The second order issued is: “Be grateful unto Me because I have bestowed countless favours upon you. Together with this, show gratitude unto your parents as well because, amongst the creation, you are not indebted to anyone as you are indebted to your parents”.

The third ordinance is that if any one of them compel you to associate partners with Allâh, don’t obey because the right of Allâh supersedes the rights of human beings. Even if they are polytheists (mushriks) and they force you to commit acts of shirk, be courteous unto them and serve them.

Such importance is attached to these rights that Allâh Ta’âla emphasises this point by ordaining us to be good unto them even though they are mushriks and compel you onto shirk. From this we can deduce the rights of those parents who tread the path of Allâh and make the children tread on the same path as well.

That you be grateful unto me and unto your parents. [Surah 31, Verse 14]

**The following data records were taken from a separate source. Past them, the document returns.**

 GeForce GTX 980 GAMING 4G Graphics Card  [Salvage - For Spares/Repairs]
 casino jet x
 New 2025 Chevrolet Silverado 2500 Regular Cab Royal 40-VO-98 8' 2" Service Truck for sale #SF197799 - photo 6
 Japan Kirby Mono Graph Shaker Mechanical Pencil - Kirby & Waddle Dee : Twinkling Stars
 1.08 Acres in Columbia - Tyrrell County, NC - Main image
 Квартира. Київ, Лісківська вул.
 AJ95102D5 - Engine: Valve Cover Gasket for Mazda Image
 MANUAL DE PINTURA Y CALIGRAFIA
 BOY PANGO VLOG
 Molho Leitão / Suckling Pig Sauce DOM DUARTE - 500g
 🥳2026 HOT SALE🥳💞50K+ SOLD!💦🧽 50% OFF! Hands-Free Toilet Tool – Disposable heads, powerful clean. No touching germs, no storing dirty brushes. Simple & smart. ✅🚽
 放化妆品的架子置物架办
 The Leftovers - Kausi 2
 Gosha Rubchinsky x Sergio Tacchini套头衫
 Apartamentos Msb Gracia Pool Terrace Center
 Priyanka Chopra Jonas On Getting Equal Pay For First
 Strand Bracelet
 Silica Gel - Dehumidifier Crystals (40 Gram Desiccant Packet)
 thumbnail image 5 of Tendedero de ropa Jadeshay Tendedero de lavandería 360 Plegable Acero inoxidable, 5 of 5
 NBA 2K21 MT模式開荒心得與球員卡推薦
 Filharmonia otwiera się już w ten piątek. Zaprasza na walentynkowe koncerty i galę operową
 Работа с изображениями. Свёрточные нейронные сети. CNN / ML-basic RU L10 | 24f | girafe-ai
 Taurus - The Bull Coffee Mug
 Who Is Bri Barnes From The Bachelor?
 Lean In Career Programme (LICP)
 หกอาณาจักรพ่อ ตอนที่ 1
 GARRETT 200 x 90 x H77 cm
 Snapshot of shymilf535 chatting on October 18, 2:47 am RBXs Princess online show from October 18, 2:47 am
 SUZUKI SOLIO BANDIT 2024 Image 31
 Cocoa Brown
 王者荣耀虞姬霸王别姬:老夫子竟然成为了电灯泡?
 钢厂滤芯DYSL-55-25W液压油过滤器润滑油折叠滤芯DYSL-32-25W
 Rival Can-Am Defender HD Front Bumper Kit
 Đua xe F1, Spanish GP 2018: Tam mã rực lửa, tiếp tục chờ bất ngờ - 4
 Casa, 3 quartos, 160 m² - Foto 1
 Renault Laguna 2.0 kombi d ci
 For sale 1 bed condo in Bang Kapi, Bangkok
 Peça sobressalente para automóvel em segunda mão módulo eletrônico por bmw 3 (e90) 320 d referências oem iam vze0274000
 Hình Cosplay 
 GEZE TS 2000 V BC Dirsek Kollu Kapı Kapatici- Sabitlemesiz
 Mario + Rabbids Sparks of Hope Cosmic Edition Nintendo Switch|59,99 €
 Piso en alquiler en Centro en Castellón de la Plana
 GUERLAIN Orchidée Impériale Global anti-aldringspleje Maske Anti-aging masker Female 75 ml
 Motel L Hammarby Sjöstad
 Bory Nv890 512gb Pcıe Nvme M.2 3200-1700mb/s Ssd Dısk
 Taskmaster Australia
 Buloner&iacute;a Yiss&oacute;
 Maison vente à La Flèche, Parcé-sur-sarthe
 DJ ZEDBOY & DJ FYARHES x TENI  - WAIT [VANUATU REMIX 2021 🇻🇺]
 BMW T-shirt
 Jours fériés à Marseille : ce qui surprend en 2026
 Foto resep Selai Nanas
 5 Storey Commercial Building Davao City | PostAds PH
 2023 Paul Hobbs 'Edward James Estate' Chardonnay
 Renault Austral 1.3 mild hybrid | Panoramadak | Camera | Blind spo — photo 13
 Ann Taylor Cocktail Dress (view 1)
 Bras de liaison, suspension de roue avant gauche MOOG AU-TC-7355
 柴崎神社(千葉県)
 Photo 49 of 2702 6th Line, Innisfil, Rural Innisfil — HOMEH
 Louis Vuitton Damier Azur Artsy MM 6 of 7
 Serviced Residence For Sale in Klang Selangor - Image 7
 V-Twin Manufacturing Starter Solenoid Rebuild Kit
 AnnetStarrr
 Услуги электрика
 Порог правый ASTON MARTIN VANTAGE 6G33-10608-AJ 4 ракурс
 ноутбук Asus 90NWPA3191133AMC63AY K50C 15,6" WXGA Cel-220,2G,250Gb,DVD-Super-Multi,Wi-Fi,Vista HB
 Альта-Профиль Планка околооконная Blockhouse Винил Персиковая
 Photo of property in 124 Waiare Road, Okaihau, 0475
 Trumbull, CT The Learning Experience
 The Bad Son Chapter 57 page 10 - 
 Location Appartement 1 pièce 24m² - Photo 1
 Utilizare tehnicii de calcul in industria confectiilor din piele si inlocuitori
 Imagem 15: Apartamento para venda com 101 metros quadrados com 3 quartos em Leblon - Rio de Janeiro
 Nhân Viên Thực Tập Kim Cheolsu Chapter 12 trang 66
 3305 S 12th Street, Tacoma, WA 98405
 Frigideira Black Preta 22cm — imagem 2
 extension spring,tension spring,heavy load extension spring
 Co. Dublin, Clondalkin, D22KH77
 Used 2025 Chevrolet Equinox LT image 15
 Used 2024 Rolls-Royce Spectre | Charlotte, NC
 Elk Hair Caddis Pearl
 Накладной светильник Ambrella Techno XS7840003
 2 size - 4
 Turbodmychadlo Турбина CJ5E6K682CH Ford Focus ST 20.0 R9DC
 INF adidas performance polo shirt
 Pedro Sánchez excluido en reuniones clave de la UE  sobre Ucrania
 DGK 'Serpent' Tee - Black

Sha’bân ibne Uyaynah states in the commentary of this verse: “Whomsoever performs his five daily prayers, has shown gratitude to Allâh and whomsoever makes Duâ for his parents after the salâh, has shown gratitude to his parents.”

Verse Number Thirteen
And we ordered man to do good unto his parents. His mother bore him with pain and delivered him with pain. His bearing and his weaning are in thirty months, until when he reached his power (youth) and reached forty years, he said: “O my Lord! dispose it to my fortune that I may thank Thee for Thy beneficence which Thou has bestowed upon me and my parents and that I do good work well-pleasing to Thee and render my children pious (and grant me tranquility); I repent unto Thee and I am of those who are obedient. [Surah 46, Verse 15]

Commentary
The commentary of this verse is more or less the same as the verse in Surah Luqmân. This verse indicates that even though man is compelled to serve both his parents, his mother’s right is awarded importance simply because of the difficulties she faces in the wake of fostering her children. (a) she bore him with numerous difficulties, (b) she delivered him with excruciating pain, (c) she sacrifices thirty months in bearing and weaning him.

Verse Number Fourteen
My Lord, forgive me and my parents and whosoever enters my house as a believer and all believing men and believing women, and do Thou not increase the sinners but in ruin. [Surah 71, Verse 28]

Commentary
As a prophet, Hadhrat Nuh alayhis salâm renowned as Adame-Thâni (the second Adam), prays for himself and his parents because a Prophet is totally aware of the rights his parents have over him. i.e. parental rights surpass all other forms of human rights. This comprehensive Duâ of Nuh alayhis salâm was revealed by Allâh Ta’âla in the form of a Quranic verse, which has been recited by the Ummat from the Prophetic era and will remain up to the final day. This verse bids this Ummat to make a comprehensive Duâ whenever they beseech Allâh Ta’âla. Parents should be particularly included in the Duâ since their favours and rights upon us are overwhelming.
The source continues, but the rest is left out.